* [TASK ITEM] Whichever lines of the entries hold the word "venda" should be identified and copied.

(Beginning of RECORDS FOR PROCESSING)

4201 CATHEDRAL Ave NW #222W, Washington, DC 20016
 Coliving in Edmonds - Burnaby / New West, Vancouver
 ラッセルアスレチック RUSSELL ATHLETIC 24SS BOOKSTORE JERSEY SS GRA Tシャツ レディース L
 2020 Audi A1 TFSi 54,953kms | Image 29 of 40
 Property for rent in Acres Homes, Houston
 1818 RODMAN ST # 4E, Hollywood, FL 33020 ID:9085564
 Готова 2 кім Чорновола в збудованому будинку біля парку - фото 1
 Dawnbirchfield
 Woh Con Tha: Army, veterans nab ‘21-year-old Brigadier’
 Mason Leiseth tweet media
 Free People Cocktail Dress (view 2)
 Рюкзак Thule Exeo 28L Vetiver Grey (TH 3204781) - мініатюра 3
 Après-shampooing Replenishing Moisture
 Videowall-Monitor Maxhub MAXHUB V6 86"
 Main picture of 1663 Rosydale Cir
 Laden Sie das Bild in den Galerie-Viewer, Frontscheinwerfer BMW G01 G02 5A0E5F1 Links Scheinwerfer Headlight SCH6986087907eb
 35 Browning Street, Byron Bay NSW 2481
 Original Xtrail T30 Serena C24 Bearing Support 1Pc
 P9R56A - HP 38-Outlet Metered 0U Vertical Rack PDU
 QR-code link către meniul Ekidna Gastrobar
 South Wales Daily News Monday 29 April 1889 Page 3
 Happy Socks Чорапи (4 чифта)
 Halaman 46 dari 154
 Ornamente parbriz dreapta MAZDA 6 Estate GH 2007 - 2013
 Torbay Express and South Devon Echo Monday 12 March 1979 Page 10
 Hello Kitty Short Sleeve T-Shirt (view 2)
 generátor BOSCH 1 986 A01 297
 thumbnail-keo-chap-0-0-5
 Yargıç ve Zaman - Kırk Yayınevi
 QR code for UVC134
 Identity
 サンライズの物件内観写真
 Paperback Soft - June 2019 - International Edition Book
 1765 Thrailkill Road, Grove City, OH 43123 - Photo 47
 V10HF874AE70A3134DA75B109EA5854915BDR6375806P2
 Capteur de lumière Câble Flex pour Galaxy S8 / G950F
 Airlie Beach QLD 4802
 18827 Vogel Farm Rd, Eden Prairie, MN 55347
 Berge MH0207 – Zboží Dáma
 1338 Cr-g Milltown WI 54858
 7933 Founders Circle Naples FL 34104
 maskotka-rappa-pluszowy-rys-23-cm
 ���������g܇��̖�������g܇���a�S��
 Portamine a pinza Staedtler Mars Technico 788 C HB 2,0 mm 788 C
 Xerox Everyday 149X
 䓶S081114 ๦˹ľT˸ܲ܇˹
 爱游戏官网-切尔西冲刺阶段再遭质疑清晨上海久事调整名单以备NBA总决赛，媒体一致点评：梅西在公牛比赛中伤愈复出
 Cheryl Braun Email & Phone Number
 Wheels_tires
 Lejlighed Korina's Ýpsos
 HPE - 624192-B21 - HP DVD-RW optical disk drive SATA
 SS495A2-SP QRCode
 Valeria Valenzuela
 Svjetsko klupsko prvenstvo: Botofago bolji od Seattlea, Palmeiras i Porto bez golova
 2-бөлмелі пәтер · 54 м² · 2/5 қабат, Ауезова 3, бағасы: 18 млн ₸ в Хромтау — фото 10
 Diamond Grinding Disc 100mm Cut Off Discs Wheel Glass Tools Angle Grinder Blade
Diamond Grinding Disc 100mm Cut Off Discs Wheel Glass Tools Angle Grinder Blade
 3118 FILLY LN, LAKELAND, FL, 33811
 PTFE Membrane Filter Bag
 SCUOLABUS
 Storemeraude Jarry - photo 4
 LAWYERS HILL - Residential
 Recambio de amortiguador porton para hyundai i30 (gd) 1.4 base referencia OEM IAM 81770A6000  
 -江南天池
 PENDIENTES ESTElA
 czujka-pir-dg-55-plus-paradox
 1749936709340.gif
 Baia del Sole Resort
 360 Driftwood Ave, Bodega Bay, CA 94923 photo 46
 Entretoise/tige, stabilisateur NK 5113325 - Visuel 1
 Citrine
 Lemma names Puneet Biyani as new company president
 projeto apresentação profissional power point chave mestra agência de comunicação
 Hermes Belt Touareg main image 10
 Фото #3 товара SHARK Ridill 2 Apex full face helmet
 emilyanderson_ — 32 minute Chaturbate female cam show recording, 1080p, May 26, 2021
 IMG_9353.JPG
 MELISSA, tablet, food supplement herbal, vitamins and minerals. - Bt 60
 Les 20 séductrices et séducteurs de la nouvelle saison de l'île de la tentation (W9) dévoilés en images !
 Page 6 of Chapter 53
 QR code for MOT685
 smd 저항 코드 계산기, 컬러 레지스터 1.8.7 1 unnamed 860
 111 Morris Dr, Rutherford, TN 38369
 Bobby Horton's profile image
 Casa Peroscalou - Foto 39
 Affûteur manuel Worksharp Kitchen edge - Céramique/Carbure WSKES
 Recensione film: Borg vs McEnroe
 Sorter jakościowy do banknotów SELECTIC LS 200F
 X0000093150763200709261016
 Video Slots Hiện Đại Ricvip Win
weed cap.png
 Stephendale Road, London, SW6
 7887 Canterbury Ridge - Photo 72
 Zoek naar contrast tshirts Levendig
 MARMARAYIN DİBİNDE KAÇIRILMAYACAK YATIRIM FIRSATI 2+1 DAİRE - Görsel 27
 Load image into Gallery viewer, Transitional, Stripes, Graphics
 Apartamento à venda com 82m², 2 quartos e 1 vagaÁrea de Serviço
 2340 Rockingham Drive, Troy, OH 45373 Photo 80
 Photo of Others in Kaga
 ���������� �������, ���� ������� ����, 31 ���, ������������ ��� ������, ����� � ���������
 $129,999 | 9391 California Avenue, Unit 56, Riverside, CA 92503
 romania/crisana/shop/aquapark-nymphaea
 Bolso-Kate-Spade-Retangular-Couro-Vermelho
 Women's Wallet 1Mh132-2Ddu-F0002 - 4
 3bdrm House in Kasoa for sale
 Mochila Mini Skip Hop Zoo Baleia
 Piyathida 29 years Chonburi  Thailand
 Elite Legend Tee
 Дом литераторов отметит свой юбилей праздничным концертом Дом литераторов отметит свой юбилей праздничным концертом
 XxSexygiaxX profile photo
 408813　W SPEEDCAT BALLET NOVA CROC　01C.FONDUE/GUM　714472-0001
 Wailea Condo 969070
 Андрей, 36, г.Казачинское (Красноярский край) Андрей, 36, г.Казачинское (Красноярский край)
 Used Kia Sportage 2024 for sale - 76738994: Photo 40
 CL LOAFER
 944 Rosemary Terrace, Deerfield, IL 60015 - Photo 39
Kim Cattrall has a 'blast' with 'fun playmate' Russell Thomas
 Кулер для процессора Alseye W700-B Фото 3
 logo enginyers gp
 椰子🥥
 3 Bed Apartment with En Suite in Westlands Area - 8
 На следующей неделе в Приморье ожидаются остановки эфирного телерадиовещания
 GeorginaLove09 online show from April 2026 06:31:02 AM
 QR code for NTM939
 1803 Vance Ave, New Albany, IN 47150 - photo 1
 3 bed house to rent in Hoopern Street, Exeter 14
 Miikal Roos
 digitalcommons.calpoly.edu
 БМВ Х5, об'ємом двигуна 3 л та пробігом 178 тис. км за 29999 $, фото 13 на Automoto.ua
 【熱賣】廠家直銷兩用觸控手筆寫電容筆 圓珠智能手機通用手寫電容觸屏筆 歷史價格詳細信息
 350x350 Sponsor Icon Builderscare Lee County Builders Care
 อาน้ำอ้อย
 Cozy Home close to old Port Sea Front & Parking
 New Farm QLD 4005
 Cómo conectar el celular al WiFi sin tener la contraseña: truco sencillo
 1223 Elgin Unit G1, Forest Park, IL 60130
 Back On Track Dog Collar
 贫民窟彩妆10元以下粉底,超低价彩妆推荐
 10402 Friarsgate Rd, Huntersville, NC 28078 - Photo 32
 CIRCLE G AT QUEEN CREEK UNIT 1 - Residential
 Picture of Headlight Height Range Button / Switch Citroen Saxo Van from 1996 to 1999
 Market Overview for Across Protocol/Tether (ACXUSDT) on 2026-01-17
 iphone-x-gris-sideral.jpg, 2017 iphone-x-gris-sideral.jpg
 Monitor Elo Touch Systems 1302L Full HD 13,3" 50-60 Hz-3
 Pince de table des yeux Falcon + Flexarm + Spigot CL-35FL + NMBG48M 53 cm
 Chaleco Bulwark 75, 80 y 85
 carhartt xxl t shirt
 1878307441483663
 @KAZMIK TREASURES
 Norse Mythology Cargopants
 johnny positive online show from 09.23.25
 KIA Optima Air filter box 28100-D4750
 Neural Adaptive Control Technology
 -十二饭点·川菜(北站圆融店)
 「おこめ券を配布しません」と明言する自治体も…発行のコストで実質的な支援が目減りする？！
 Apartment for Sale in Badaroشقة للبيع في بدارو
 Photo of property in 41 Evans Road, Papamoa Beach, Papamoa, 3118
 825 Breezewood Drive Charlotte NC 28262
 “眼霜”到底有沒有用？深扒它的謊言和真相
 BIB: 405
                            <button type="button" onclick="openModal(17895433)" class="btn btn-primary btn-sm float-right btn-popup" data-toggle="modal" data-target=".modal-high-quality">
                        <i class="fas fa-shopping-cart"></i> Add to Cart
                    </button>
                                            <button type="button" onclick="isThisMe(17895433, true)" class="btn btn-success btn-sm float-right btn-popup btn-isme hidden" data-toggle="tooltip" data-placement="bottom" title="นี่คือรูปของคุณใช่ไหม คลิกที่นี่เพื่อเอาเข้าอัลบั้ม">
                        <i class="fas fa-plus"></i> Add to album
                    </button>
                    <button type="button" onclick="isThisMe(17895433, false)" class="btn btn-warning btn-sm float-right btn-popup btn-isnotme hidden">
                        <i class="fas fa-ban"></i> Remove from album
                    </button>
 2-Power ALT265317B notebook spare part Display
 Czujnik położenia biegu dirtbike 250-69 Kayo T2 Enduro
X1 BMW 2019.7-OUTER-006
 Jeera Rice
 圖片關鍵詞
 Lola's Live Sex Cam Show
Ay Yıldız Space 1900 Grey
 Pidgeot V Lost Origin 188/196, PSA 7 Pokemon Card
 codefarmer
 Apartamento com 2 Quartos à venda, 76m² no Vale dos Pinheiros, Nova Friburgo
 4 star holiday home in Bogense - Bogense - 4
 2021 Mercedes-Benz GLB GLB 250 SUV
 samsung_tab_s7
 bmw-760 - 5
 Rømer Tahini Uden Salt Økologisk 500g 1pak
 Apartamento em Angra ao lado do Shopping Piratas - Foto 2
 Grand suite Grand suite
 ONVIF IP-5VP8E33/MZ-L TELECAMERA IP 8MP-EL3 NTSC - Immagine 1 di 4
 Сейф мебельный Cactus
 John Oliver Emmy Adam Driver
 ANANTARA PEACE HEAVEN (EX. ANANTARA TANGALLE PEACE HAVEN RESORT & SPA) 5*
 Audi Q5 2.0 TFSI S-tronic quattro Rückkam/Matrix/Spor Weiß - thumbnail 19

(End of RECORDS FOR PROCESSING)

* [RESPONSE FOR THIS EXERCISE]
 Apartamento à venda com 82m², 2 quartos e 1 vagaÁrea de Serviço
 Apartamento com 2 Quartos à venda, 76m² no Vale dos Pinheiros, Nova Friburgo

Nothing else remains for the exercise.